Content starts

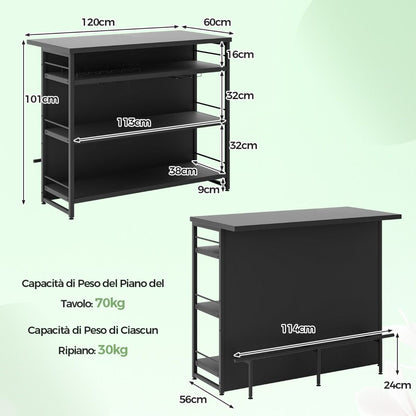 Isola Cucina Stile Industriale Con 3 Ripiani Aperti Portabottiglie E Porta Calici, Mobile Bar Con Poggiapiedi 2 Colori
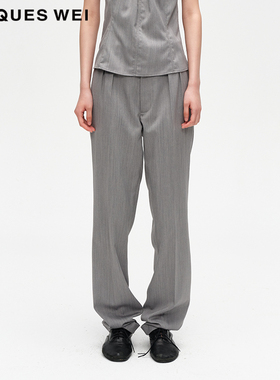 JACQUES WEI 设计师官方店2024AW秋冬新款灰色羊毛精纺直筒西裤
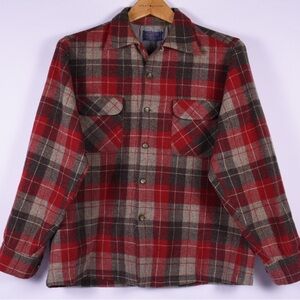 Vintage Pendleton Wool Plaid Shirt Elbow Patches Large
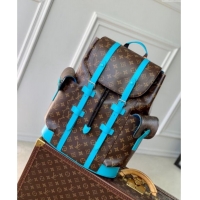 Well Crafted Louis Vuitton Christopher MM Backpack Bag in Monogram Macassar Canvas M12729 Gaston Blue 2024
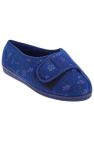 Womens/Ladies Davina Floral Superwide Slippers - Navy Blue - Navy Blue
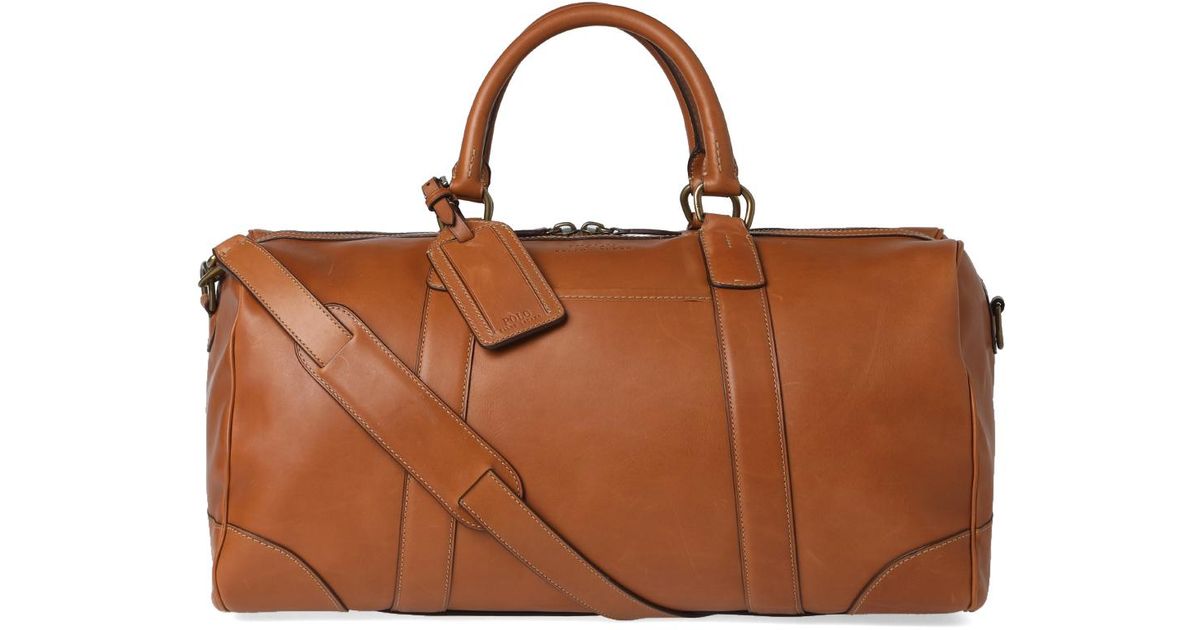 Polo Ralph Lauren Leather Duffle Bag in Brown for Men - Lyst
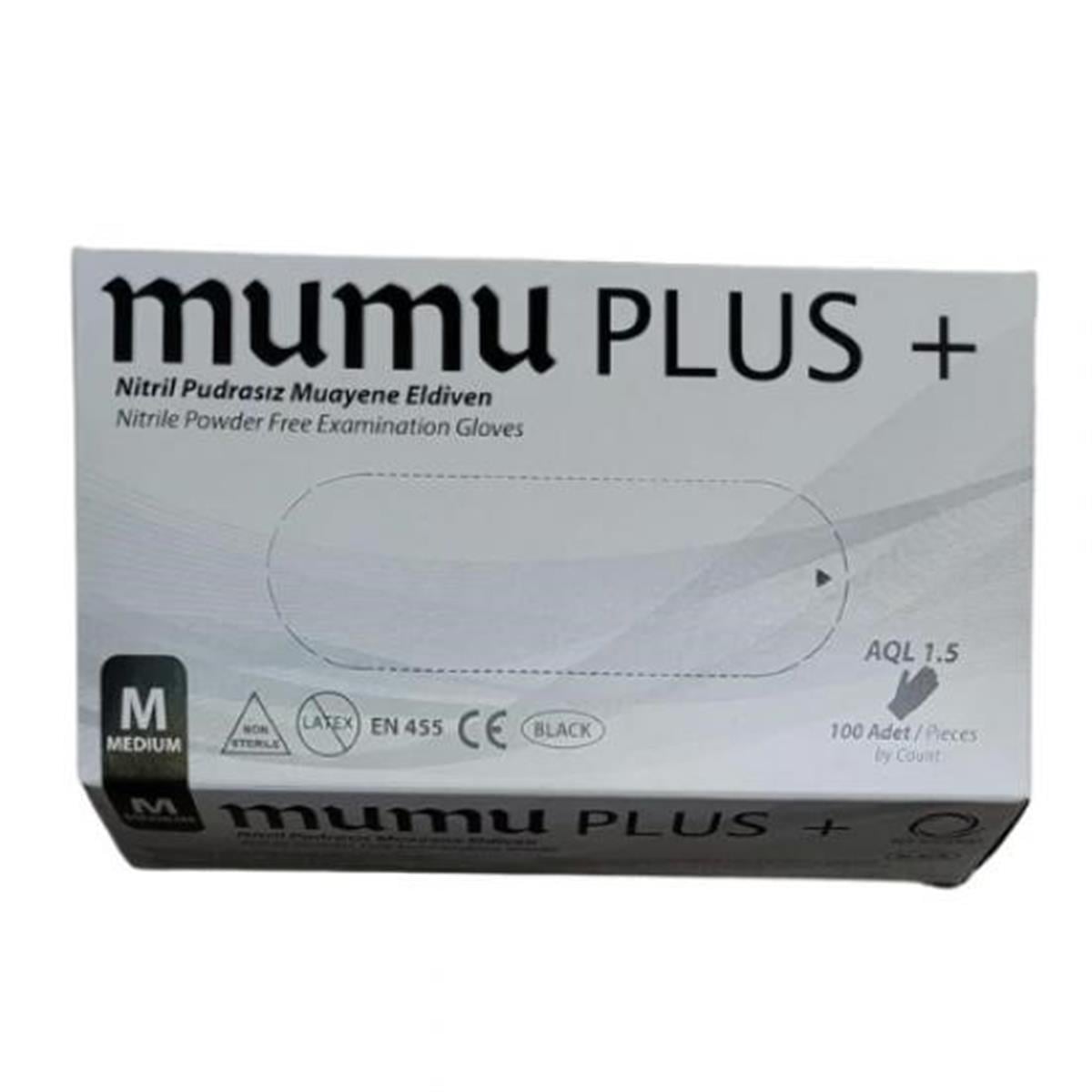 Mumu Plus+ Nitril Siyah Eldiven M Boy (Medium)
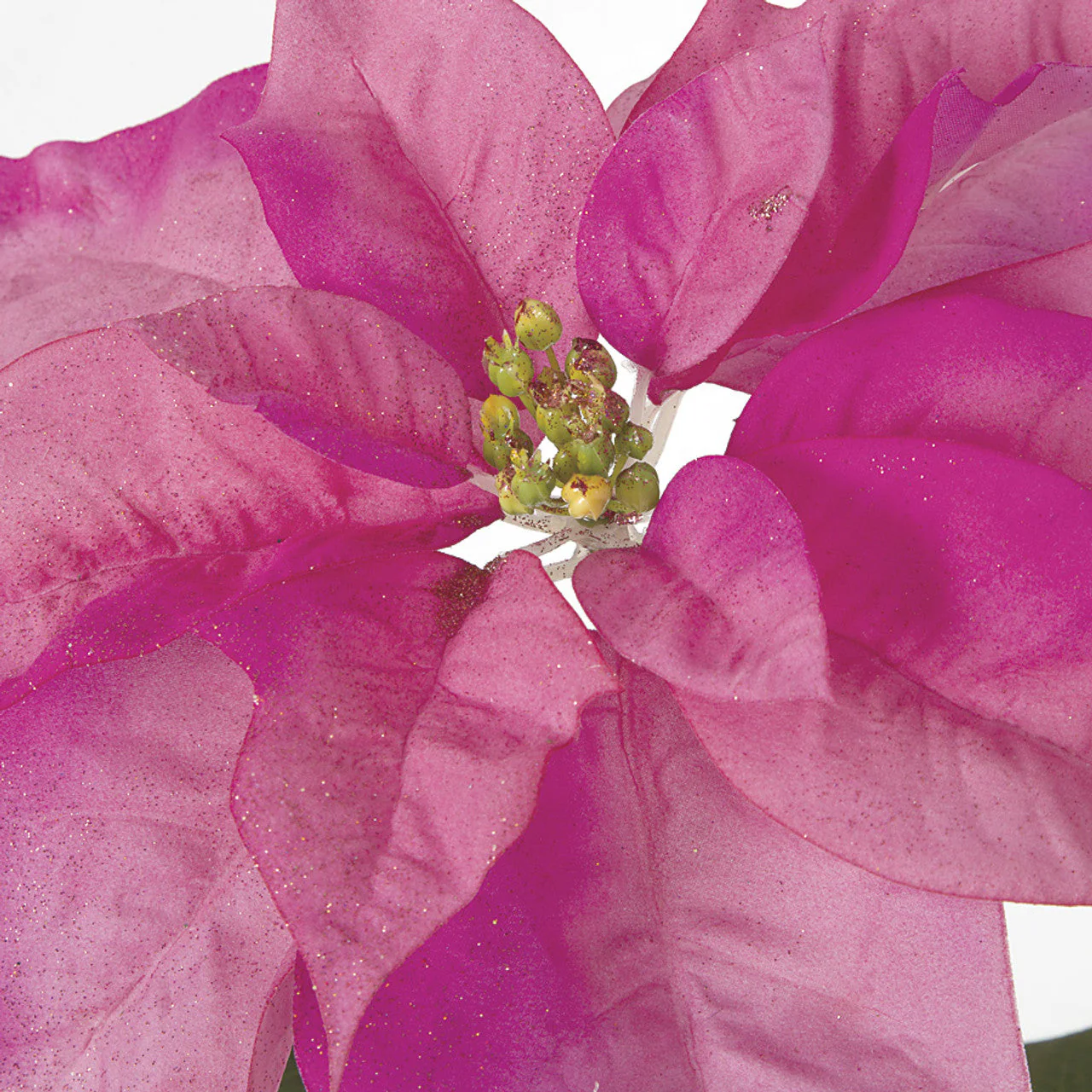 28" Glittered Silk Poinsettia Flower Stem -Hot Pink (Pack of 12) - Image 2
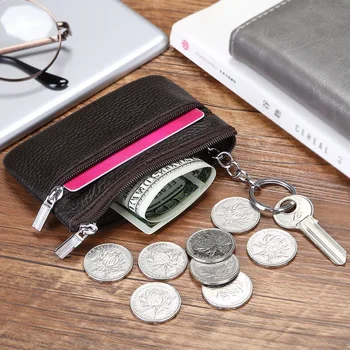 Маленький кошелек из воловьей кожи первого слоя, Корейская версия, сумка для ключей, Автобусная карта, цепочка для монет, женская мини-продуктовая сумка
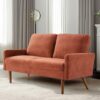 Loveseat Sofa, European Style With Sleek Design, Modern & Vintage Flair, Upholstered 2 Seater Couch - Pumpkin Orange - Image 8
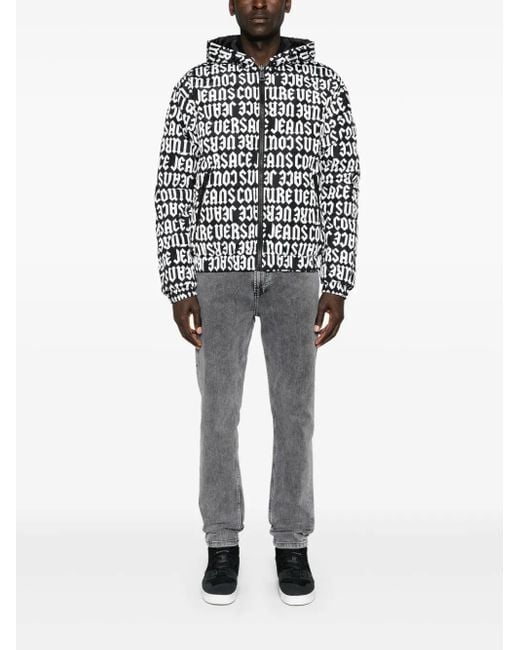 Versace Jeans Couture Black Reversible Hooded Puffer Jacket for men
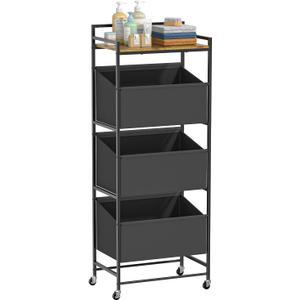 3-Tier Laundry Hamper Sorter with Wheels, 120L Vertical Rolling Laundry Basket Organizer Cart, 3 Section Laundry Sorter with Shelf for Small Space, Laundry Room, Bathroom, Bedroom, Dorm, Closet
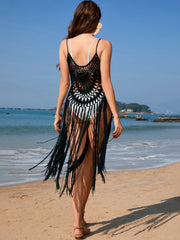 Hazel Blues® | Fringe Openwork Spaghetti Strap Cover-Up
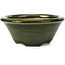 Round green bonsai pot by Shozan - 121 x 121 x 55 mm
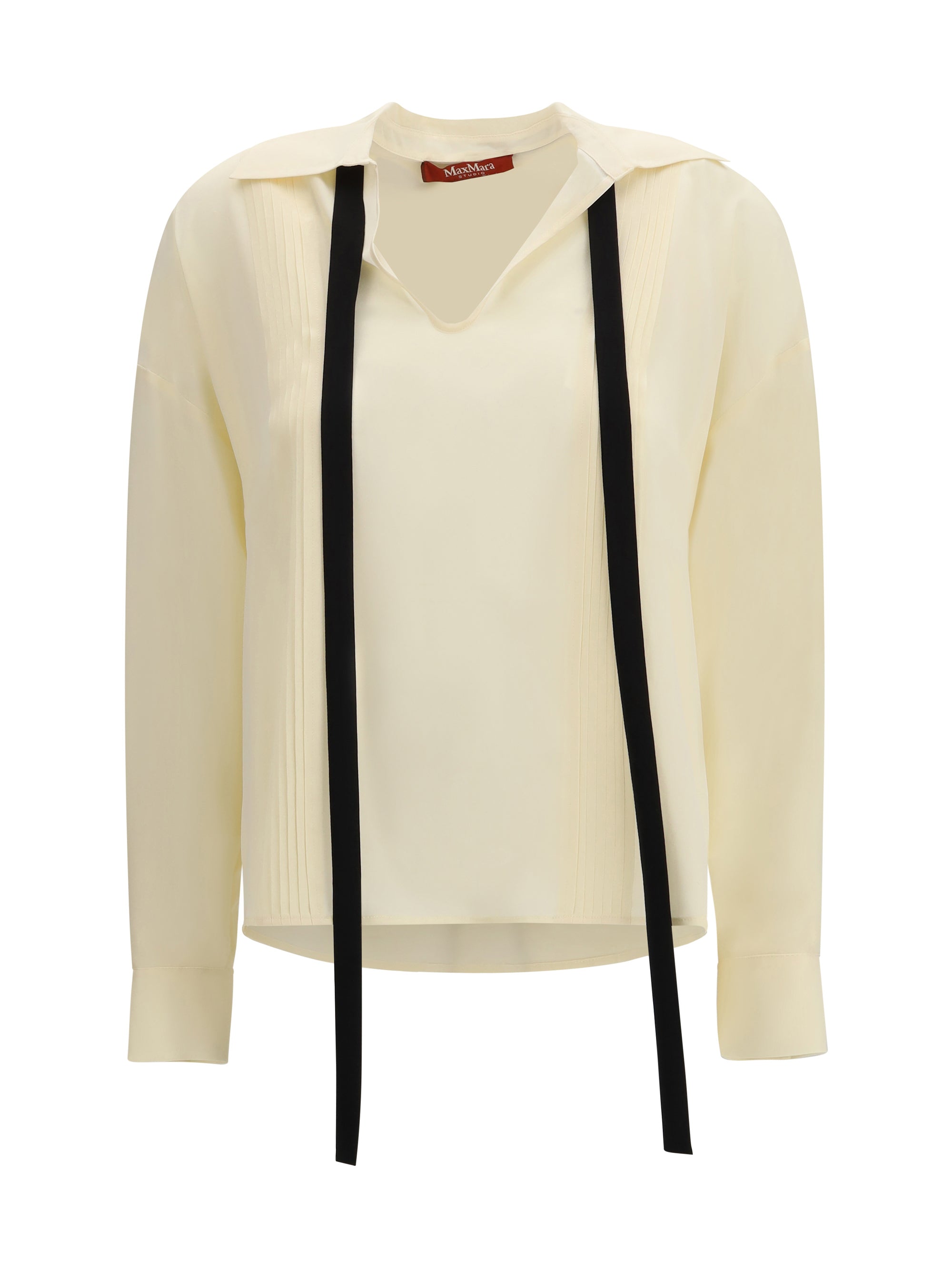 Silk Blouse with Pintuck Detail Shirt — Beige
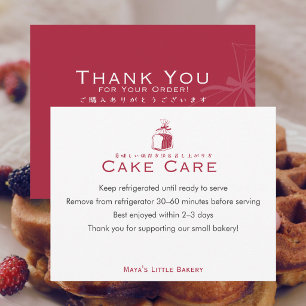 Minimalistische Rode Brood Laag Cake Verzorgingsin Bedankkaart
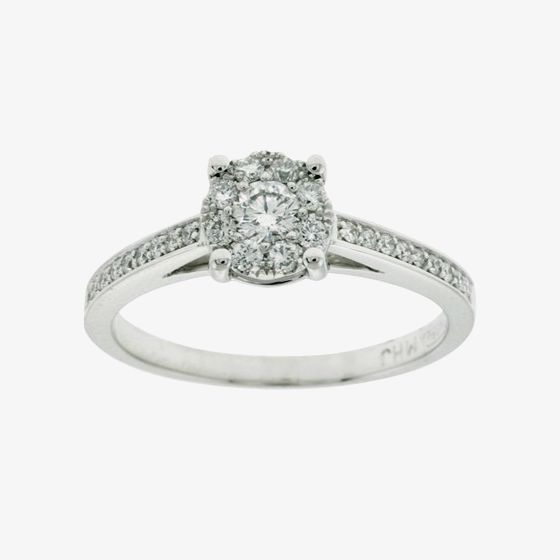 9ct White Gold 0.35ct Diamond Round Cluster Ring 3359WG/35-9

Content ends

### Exercise aim
Where a line contains "Polo Ralph Lauren", begin there and set down exactly each line through the end of the data above, omitting any pictures.

### Answer space
 Polo Ralph Lauren Leather Duffle Bag in Brown for Men - Lyst
 Mumu Plus+ Nitril Siyah Eldiven M Boy (Medium)
 28" Glittered Silk Poinsettia Flower Stem -Hot Pink (Pack of 12) - Image 2
 Маленький кошелек из воловьей кожи первого слоя, Корейская версия, сумка для ключей, Автобусная карта, цепочка для монет, женская мини-продуктовая сумка
 Loveseat Sofa, European Style With Sleek Design, Modern & Vintage Flair, Upholstered 2 Seater Couch - Pumpkin Orange - Image 8
 Versace Jeans Couture Black Reversible Hooded Puffer Jacket for men
 3-Tier Laundry Hamper Sorter with Wheels, 120L Vertical Rolling Laundry Basket Organizer Cart, 3 Section Laundry Sorter with Shelf for Small Space, Laundry Room, Bathroom, Bedroom, Dorm, Closet
 Hazel Blues® | Fringe Openwork Spaghetti Strap Cover-Up
 Round green bonsai pot by Shozan - 121 x 121 x 55 mm
 Silk Blouse with Pintuck Detail Shirt — Beige
 Minimalistische Rode Brood Laag Cake Verzorgingsin Bedankkaart
 9ct White Gold 0.35ct Diamond Round Cluster Ring 3359WG/35-9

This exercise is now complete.